Les internautes climatosceptiques passent à l’offensive

Vues : 23
0 0
Durée de lecture :14 Minute, 35 Secondes

Il n’y a pas d’urgence climatique, c’est devenu une nouvelle religion.

Le GIEC est une machine de propagande politique.

Personne n’a été en mesure de prouver que le réchauffement est dû à nos émissions.

Sur la page Twitter d’Elpis_R, une publication n’attend pas l’autre. Dans un flot quotidien, cet utilisateur francophone discrédite le Groupe d’experts intergouvernemental sur l’évolution du climat (GIEC) et les médias à coups de partages d’extraits d’articles, d’études scientifiques et de graphiques.

Dans sa biographie, il se présente comme un climate realist spécialisé dans la recherche menée de façon indépendante sur les sciences du climat.

Or, Elpis_R n’a d’expertise que son habileté à confondre les foules en déformant ce que dit la science, selon des chercheurs français qui ont suivi de près l’évolution du compte. À leurs yeux, cet utilisateur qui s’intéresse aux questions climatiques depuis peu de temps est rapidement devenu le plus influent de la communauté climatosceptique française sur Twitter. L’activité de ce compte suivi par plus de 18 300 abonnés a plus que doublé depuis l’été 2022.

Le comportement d’Elpis_R est symptomatique d’une tendance qu’ont pu observer les chercheurs du Centre national de la recherche scientifique ces dernières années.

Dans leur étude, les chercheurs désignent aussi le climatoscepticisme par « dénialisme climatique » et « climatodénialisme ». Selon eux, ces termes correspondraient davantage à l’attitude adoptée par ces communautés, qui consiste à rejeter des faits scientifiques au profit d’idées controversées.

En croisant les données de trois observatoires qui documentent de façon indépendante différents types de publications militantes sur les réseaux sociaux, les chercheurs ont constaté que la communauté climatosceptique s’est solidifiée autour de causes communes étrangères à la question climatique et qu’elle possède une structure d’organisation bien particulière.

Le nombre de comptes qui font du déni de l’urgence climatique leur credo a connu une augmentation massive pendant le cycle électoral français, entamé au printemps 2022, puis au cours de la conférence des Nations unies sur les changements climatiques à Charm el-Cheikh, en Égypte, en novembre 2022.

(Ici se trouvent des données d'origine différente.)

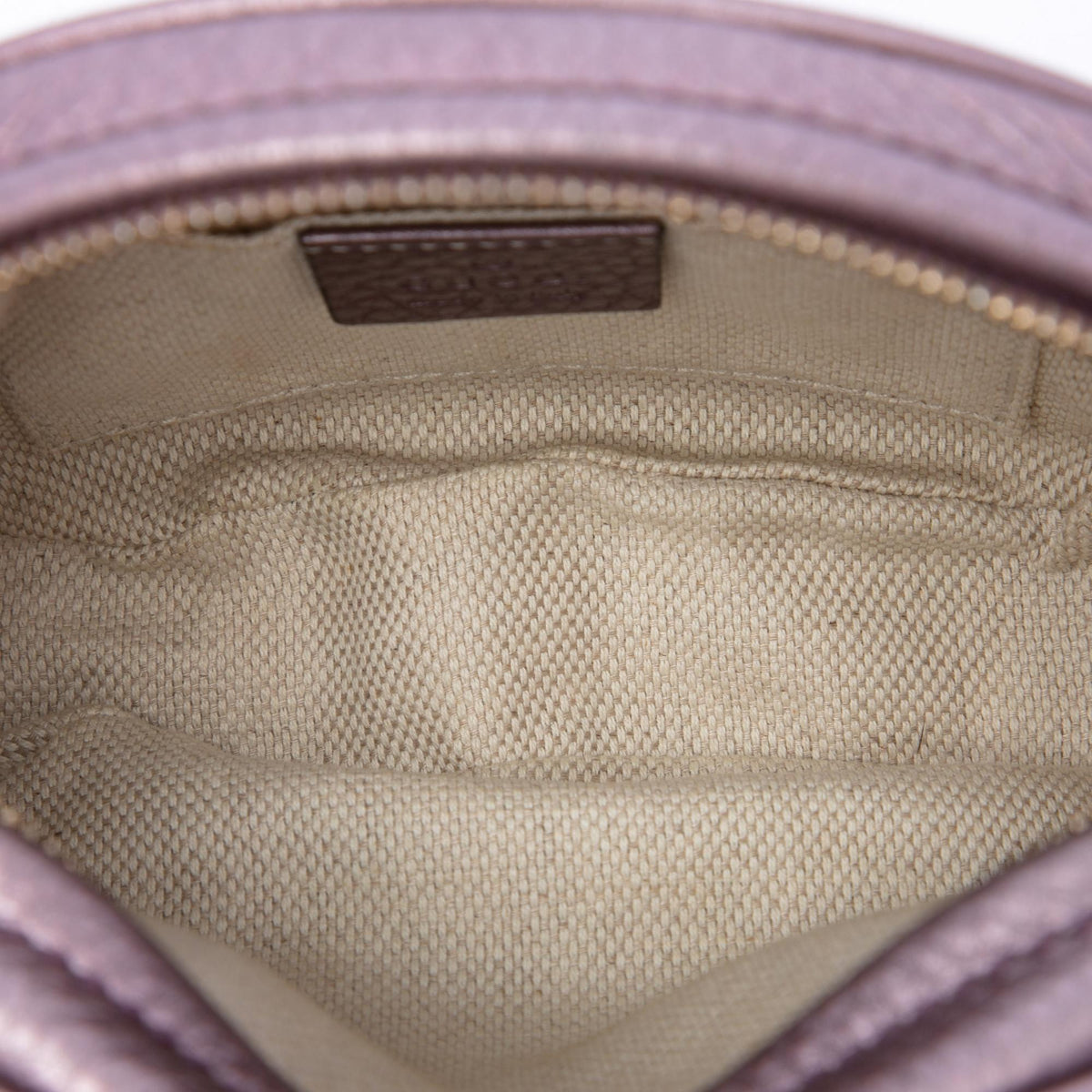 Gucci Mini Metallic Pebbled Calfskin Soho Chain Crossbody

Mais quelque chose de nouveau s’est produit, du moins en France, explique David Chavalarias, directeur de recherche au CNRS. Ce net regain de l’activité des climatosceptiques n’est pas juste corrélé à un été trop chaud ou à la tenue d’une COP sur le climat.

Si les militants climatosceptiques ont l’habitude de passer à l’offensive sur les réseaux sociaux en réaction à l’actualité liée au climat, cette fois-ci, il y a une réelle volonté d’agir sur l’espace informationnel, avec des gens qui sont tout le temps là à développer des arguments [négationnistes], souligne M. Chavalarias.

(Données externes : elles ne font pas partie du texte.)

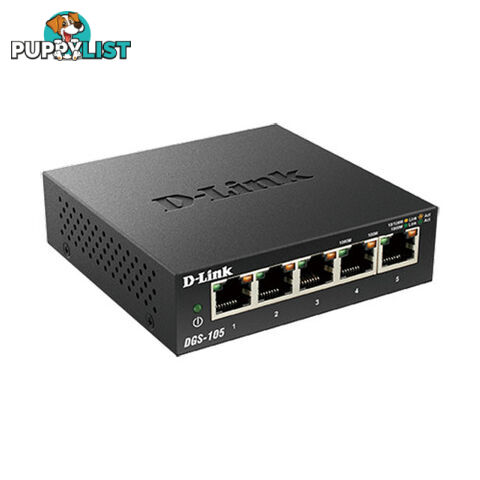 D-Link DGS-105 5 Port Gigabit Desktop Switch with Metal Housing - D-Link - 790069370656 - DGS-105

« Leur niveau d’activité a vraiment été multiplié et surpasse tous les niveaux d’activité précédents. On assiste à une suractivité du « climatodénialisme ». »

— Une citation de  David Chavalarias, directeur de recherche au CNRS

Bien que le mathématicien juge difficile d’en identifier clairement les causes, il avance néanmoins que cette mobilisation surprenante a ses propres schémas et est propulsée par des tactiques et discours qui témoignent, selon lui, d’une inauthenticité.

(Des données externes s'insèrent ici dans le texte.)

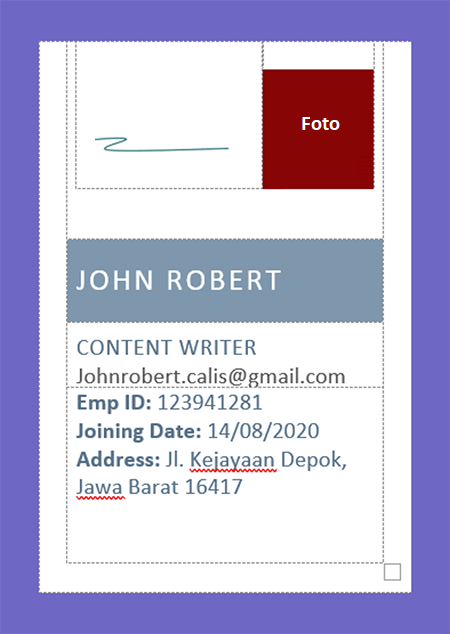 Detail Cara Membuat Id Card Panitia Dengan Microsoft Word 2010 Nomer 54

Le nombre de publications potentiellement générées par des robots est plus élevé dans cette communauté, selon les chercheurs, qui notent également un niveau marqué de contradictions et de propos toxiques.

Les ténors du négationnisme climatique se targuent en outre d’avoir de multiples expertises. À l’opposé des comptes identifiés comme proclimat par les chercheurs, ces internautes présentent un profil d’expertises passablement anormal, certains comptes tendant à s’exprimer sur tous les sujets en grande quantité.

Un groupe restreint de comptes concentre en outre cette expertise présumée, écrivent les chercheurs du CNRS.


« Maîtres de la rhétorique des 5D »

Voici comment les chercheurs du CNRS résument la tactique de subversion employée par ces communautés :

– Déformation : les publications versent dans la désinformation et instrumentalisent les résultats d’études scientifiques.

– Discrédit : pour contrer le message des scientifiques, les climatosceptiques remettent en question leur crédibilité.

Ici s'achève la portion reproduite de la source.